First months I just wanted to occupy myself with the other things, especially not with the internet, but it didn’t last. I am now writing on a computer that he bought for me. I still have his old mobile phone although I lost it already three times, but it always came back… :D

So… he left me and there was suddenly no communication from his side at all. Well, I mean… there was, but twisted one. I continued to write my blog, every day, except when I didn’t have the internet, which was during this four years time. Like three or four months. Otherwise I was always on, blogging, writing. I have lots to write about just about my kids… My God, I could write every day a story which happened between me and kids. There is so much!

But at the beginning I was just looking for him, everywhere. He deleted all his blogs. He commented on the site where we had always commented for years, but he never used his name, he put anonymous names. But I recognized him. :)
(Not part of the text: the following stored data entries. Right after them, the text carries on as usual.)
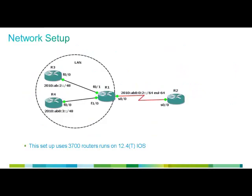Here we have taken an example of a simple IPv6 network comprising of four routers. The routers R1 and R2 are connected via the serial interface and the routers R3 and R4 form the local area network for the router R1.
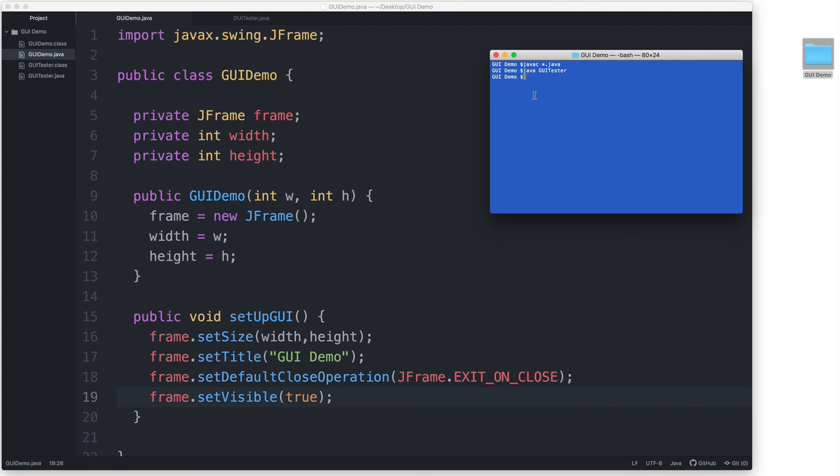In the next video, we'll add a big button inside the window and we'll make it print out a message in the command line window every time the button is clicked.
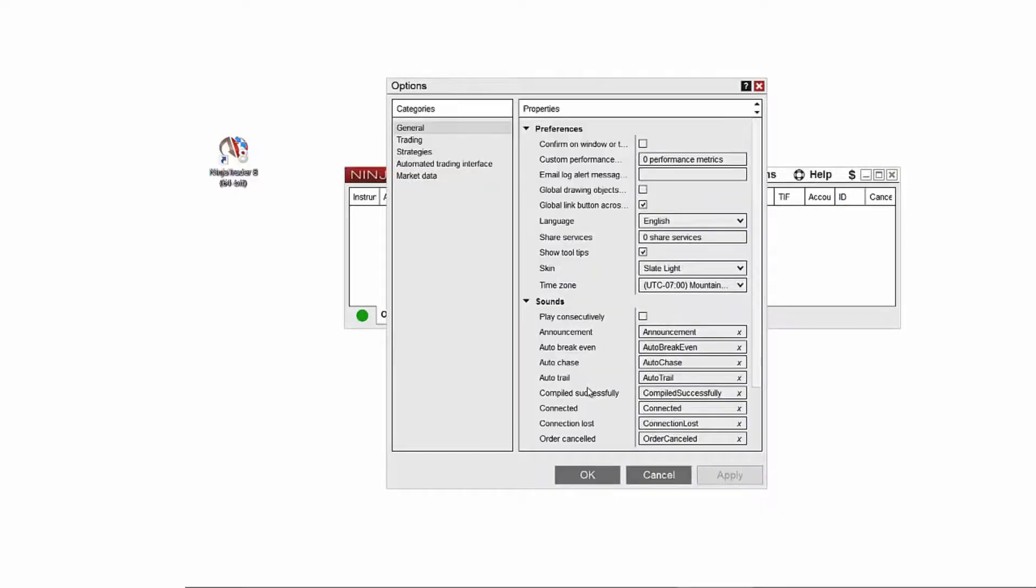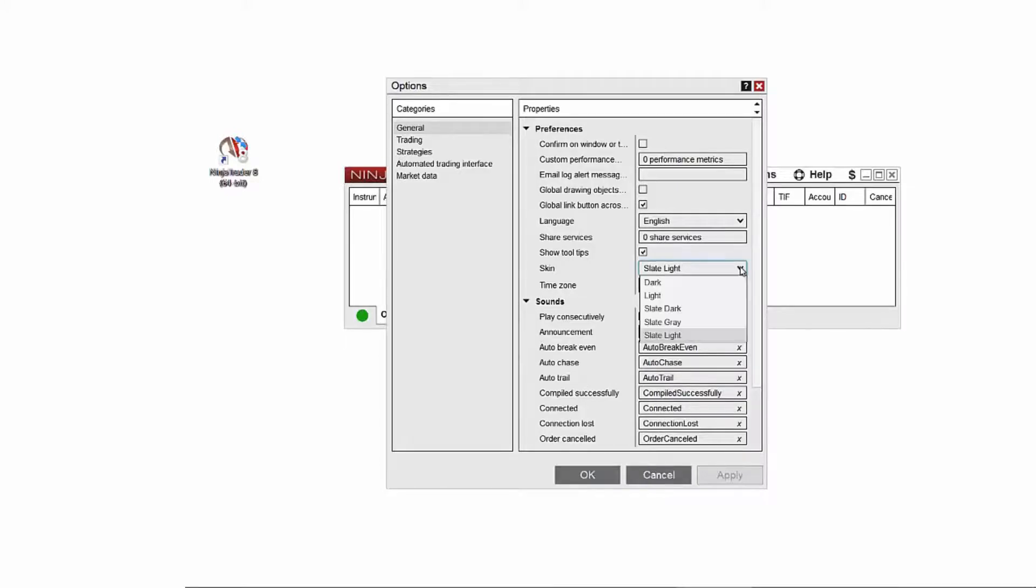In the General category, under Preferences, click the drop-down menu next to Skins, and then make your NinjaTrader 8 skin selection and click OK.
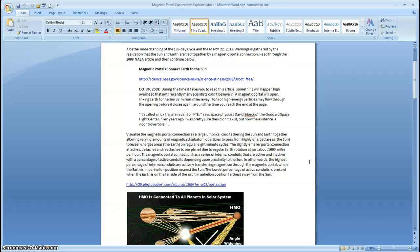The magnetic portal connection has a series of internal conduits that are active and inactive, with the percentage of active conduits depending on proximity to the Sun. The highest percentage of internal conduits are actively transferring magnetism through the magnetic portal when the Earth is in perihelion position nearest the Sun. The lowest percentage of active conduits is present when the Earth is on the far side of the orbit at the aphelion position, farthest away from the Sun.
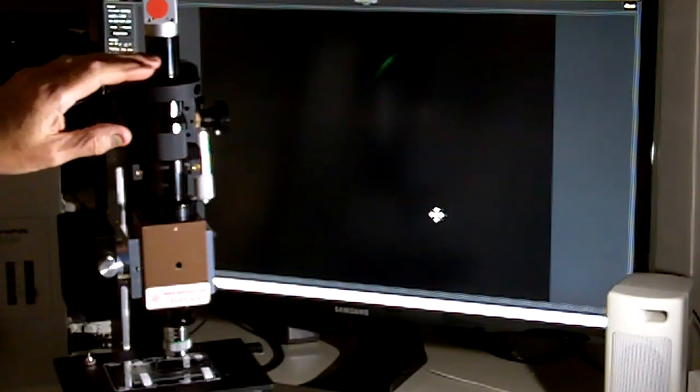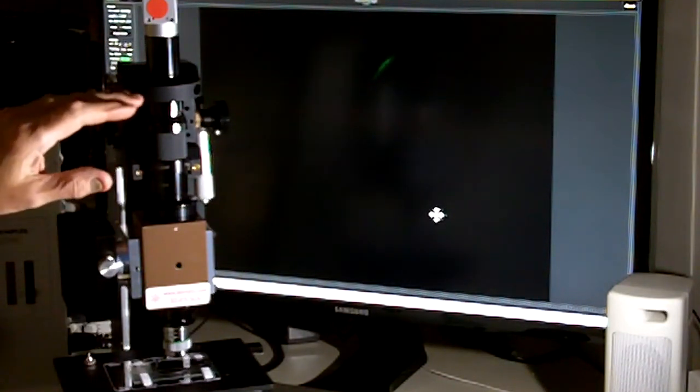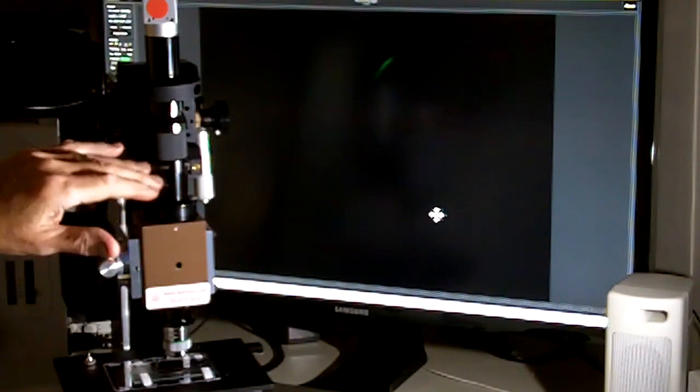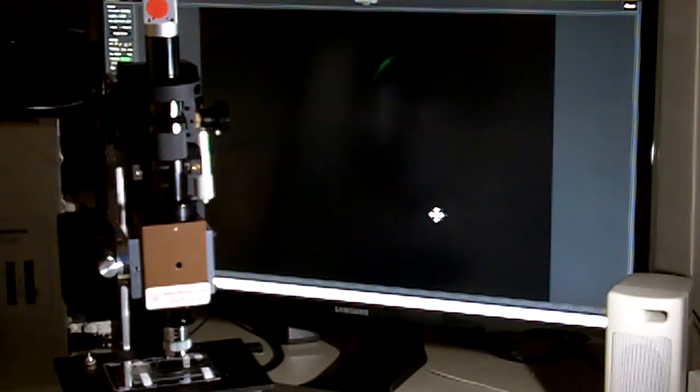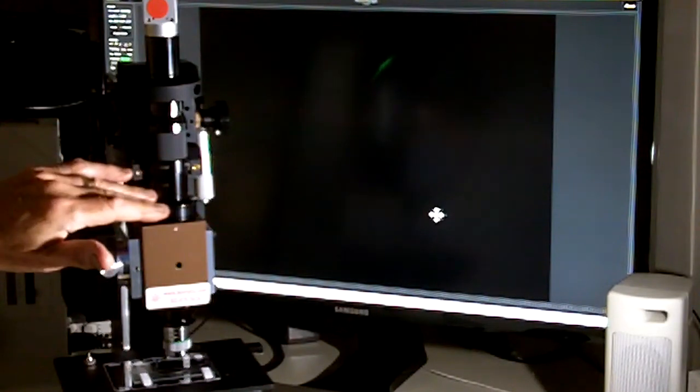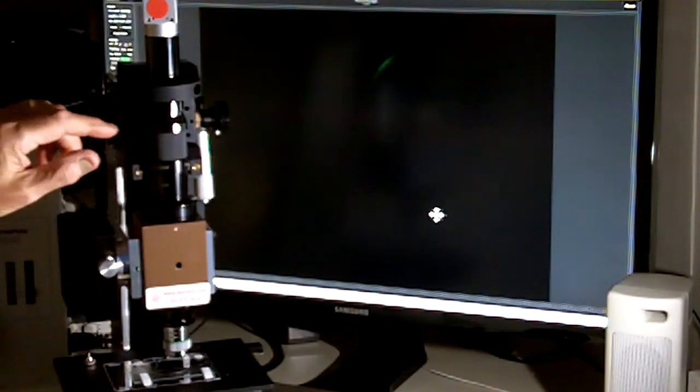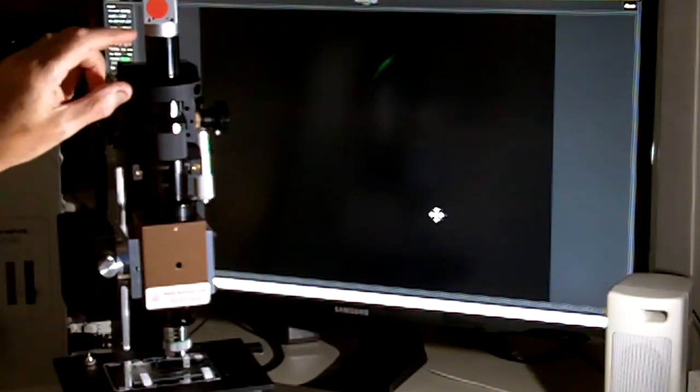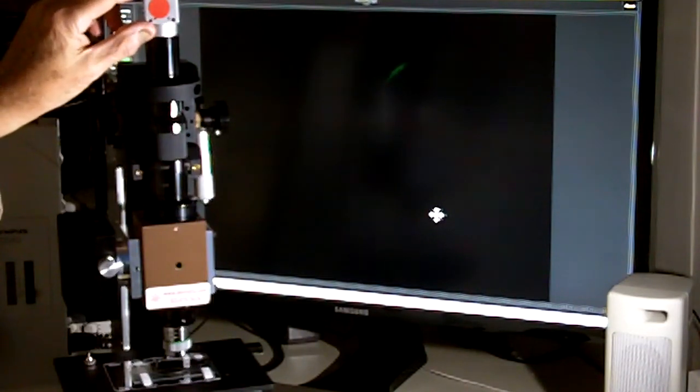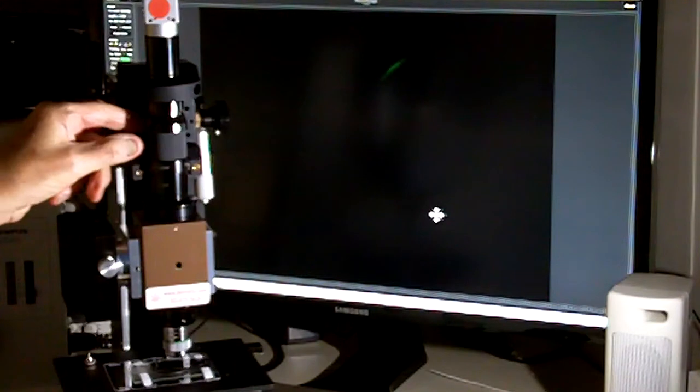The other microscope that we're offering with the MHS microscope stand is made here in the United States by Infinity Photo Optical out in Colorado. This is the model KC. The KC is unique in that we can put a C-mount camera on here or a large format digital SLR camera.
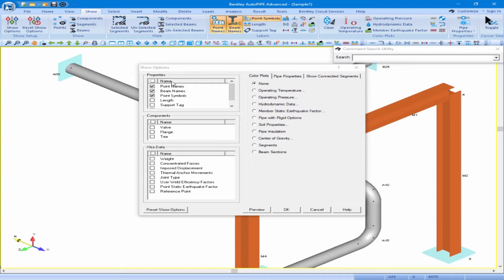This allows you to select properties, component details, extra data information, color plots, pipe properties, and connected segments. If you select Preview, this allows you to review the different inputs using your color plots and your show options by leaving the Show Options dialog box open until you're done reviewing all of those inputs. Once you're finished, you always want to reset the model back to input mode by clicking on Reset Show Options, and then you can close out of the dialog box.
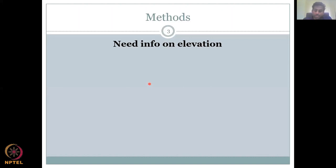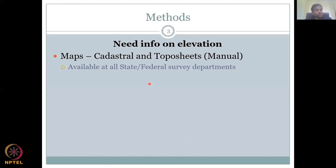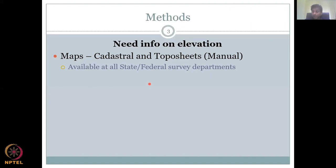To delineate a watershed, you need information on elevation. Where do you get this? From maps — cadastral and topo sheets, manually done, and also available from state and federal survey departments. Survey departments are mandated to have these maps, and most are paper maps. If you go to these offices, they will give you a photocopy, but not the actual map. So it was done manually — surveyors were sent to monitor the elevation from one point to another.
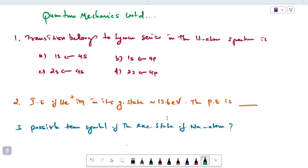Hi everyone, good morning. Quantum Mechanics is a continuation. This is my model problem. I'm going to talk to you about the first question.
After some months I found one woman who was very skilled in the internet and in blogging, we made a new blog, which had very good statistics. So, I was “on” blog just to see, if he would come. I knew how it was when we were working on our blog together before. I knew what he would write, his style and I knew his imagination of his nicknames (he always came with other nickname so that his wife will not recognize him).

Because that was the only “communication” I had with him… I was totally paranoical, if I would see him or not. I also was “on guard” at the site when we were commenting before. Just that now, it was not me and him, but he and his wife. :roll: His wife… was a typical empty headed spoiled woman who always wanted to compete with me to prove that she was better than me.

I realized in one year or so… after one person always commented after me and called me stupid, that this was actually her! :shock: When I discovered that, I was totally shattered. Not, that this woman stolen my man… not that this women put four people in sadness because of her actions, but that she was just mean. How can he be with such a woman? Why he did that to me? Why he never called me in four years, never explained to anybody from us, why he did that? Why was he lying and hiding with his nick-names? Why he was always coming on my blog… I didn’t understand why then he was with this other woman!?

Isn’t that sick? We lived together in the same town, but we never saw each other and he is “happily” married. He is baby-sitting again other children, cause he can’t have his own. His first wife regretted his leaving her and kids and… it was a very nasty divorce. His kids were abandoned, he was afraid of his ex-wife… I actually don’t know why he didn’t take care for his own kids.

So… he was just looking for replacement of his own kids. And then he left these too. And then again found new ones to replace previous ones…

He abandoned seven people in three years! And this guy is nothing special. Actually he doesn’t look good at all. I really have to think what – for God’s sake – is in this little guy that I was so crazy about!